And that is what God offers. That is what those heroes lived and died for. They knew it. They had the Promise in their hearts, the Promise that Immanuel would walk and talk with them as a personal Friend; that He would tenderly wipe away their tears with His own hand.

“Regarding [your name here], I can't keep my mouth shut, regarding [you], I can't hold my tongue, Until her righteousness blazes down like the sun and her salvation flames up like a torch. Foreign countries will see your righteousness, and world leaders your glory. You'll get a brand-new name straight from the mouth of God. You'll be a stunning crown in the palm of God's hand, a jeweled gold cup held high in the hand of your God. No more will anyone call you Rejected, and your country will no more be called Ruined. You'll be called Hephzibah (My Delight), and your land Beulah (Married), Because God delights in you and your land will be like a wedding celebration. For as a young man marries his virgin bride, so your builder marries you, And as a bridegroom is happy in his bride, so your God is happy with you.” (Isaiah 62:1-5 MSG.)

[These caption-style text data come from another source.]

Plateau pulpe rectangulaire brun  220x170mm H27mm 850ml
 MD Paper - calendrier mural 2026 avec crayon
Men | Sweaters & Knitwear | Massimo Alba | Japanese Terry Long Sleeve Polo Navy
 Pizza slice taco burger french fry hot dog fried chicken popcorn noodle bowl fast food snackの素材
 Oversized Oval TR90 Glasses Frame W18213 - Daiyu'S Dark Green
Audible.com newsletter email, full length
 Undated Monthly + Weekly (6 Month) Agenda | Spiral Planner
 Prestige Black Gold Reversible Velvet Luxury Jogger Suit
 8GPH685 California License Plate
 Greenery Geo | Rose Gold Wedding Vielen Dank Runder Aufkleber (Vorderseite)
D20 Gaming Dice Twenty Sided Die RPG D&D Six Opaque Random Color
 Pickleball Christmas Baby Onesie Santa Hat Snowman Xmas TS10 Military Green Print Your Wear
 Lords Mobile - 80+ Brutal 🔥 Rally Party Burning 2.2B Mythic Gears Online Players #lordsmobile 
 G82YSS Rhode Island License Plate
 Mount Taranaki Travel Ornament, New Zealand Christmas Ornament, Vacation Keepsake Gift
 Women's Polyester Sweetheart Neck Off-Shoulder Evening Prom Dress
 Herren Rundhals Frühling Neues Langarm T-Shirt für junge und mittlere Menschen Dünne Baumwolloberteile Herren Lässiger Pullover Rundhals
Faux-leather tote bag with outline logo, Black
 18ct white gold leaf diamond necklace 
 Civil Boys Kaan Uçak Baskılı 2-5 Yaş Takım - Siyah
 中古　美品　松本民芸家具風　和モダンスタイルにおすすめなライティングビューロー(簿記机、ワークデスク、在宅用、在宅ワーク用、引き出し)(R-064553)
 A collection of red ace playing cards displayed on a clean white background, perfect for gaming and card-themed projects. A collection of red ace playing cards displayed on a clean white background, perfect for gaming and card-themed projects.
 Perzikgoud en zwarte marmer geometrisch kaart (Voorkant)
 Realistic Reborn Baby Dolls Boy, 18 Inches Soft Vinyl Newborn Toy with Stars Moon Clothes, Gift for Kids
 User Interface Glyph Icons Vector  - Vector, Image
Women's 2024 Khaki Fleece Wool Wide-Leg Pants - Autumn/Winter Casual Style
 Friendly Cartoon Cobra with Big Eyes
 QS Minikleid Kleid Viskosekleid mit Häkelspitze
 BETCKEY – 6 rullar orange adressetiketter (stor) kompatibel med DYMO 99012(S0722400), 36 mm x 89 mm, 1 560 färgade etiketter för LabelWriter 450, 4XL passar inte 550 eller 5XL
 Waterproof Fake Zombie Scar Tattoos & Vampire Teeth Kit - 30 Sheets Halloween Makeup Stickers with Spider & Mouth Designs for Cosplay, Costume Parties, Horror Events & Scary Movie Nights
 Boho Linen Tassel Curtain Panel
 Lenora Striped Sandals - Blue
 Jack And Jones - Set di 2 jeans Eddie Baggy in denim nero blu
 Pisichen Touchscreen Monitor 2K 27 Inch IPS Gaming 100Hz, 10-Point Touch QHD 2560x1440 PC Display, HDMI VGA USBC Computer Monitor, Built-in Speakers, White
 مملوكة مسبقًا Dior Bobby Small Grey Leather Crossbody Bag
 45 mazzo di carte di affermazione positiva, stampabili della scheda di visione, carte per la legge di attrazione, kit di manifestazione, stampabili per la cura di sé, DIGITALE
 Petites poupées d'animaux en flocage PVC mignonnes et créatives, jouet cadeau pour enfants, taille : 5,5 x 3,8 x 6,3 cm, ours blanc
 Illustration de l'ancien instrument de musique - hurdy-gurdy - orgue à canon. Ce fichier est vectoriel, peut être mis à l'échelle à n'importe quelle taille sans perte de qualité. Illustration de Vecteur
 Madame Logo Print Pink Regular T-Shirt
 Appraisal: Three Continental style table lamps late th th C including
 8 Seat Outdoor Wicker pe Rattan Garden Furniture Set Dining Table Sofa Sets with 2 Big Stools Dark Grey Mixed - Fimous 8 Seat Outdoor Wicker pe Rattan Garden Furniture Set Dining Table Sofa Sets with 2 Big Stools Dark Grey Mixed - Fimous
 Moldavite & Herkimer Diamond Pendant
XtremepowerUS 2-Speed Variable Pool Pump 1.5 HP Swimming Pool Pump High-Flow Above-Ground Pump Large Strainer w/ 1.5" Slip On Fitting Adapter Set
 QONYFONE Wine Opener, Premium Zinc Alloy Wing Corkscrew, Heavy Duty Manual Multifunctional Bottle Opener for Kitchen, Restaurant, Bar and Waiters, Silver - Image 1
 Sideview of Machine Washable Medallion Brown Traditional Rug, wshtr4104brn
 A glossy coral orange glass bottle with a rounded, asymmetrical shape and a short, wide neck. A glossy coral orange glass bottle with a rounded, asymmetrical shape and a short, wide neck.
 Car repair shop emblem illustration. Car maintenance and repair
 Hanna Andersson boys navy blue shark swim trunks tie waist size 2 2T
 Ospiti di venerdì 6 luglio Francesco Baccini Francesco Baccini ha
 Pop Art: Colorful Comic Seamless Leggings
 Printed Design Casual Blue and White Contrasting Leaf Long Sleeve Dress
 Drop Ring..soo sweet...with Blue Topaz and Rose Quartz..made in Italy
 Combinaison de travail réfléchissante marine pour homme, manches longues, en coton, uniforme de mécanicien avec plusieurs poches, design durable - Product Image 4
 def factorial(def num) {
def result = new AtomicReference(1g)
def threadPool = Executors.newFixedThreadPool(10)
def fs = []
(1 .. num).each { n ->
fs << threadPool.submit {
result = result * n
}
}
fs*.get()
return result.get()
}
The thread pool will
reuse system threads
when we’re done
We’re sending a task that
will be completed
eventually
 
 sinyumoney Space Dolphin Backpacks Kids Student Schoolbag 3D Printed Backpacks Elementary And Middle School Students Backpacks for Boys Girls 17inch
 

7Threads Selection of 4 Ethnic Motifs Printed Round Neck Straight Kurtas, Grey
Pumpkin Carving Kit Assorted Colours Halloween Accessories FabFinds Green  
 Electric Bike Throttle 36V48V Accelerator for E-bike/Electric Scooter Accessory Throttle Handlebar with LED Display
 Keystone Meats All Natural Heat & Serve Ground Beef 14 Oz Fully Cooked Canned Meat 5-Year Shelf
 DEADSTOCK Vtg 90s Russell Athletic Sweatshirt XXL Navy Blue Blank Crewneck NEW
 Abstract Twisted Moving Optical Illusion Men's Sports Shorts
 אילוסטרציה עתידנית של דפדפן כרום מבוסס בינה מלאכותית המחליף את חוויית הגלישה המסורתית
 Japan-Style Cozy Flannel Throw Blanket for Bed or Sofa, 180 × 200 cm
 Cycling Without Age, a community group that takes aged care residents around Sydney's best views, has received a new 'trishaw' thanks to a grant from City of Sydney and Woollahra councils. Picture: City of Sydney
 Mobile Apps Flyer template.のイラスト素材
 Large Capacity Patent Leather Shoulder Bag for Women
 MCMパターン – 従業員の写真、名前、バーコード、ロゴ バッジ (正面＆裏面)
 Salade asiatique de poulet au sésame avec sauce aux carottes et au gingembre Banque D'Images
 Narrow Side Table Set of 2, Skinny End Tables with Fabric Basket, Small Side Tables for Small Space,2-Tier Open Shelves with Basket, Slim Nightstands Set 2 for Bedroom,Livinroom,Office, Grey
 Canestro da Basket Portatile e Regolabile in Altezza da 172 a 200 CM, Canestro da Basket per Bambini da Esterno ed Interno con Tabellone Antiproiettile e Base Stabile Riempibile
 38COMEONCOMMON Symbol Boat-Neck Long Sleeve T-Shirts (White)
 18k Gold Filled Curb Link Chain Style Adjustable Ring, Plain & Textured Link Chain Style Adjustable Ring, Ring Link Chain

Who doesn’t want to hear the divine whisper in our ears, “You are my delight”? Who doesn’t want to be a cherished, precious jewel, held high in the hands of God for all to admire its beauty? That unimaginable privilege is offered to you as a gift.

And the only way you can accept the gift is by trusting that Jesus Christ is the reality when all of this world is shifting shadows. That is faith. When we are filled with that love, our hearts expand to take in more, and the love spills over to those around us. It’s not only a good feeling, love. It becomes a choice and an action, helping the unloved, the desperate, the needy, the lonely – the lost, whom Jesus came to seek and save.

“It's impossible to please God apart from faith. And why? Because anyone who wants to approach God must believe both that he exists and that he cares enough to respond to those who seek him.” (Hebrews 11:6 MSG)

He cares. He responds. He offers what you crave. Why resist? Reach up and take hold of the Promise.

Sunday, October 18, 2009

The parable of the weeds

They will weed out of his kingdom everything that causes sin and all who do evil…. Matthew 13:43 NIV

Last July, I took out some really big weeds growing behind the vegetables. These weeds were huge. Treelike. Their stems were an inch across, and woody. They topped the six-foot fence. I pulled and tugged, and perspired heavily while batting away gnats. When those roots wouldn’t loosen from the east side, I dived through the thick green pine needles to get to the west side and pull from that direction. I did finish the job, but was too late to prevent the weeds from seeding the plants that I need to pull now. The seeds were almost invisibly tiny, borne on the wind with white cottony fluff.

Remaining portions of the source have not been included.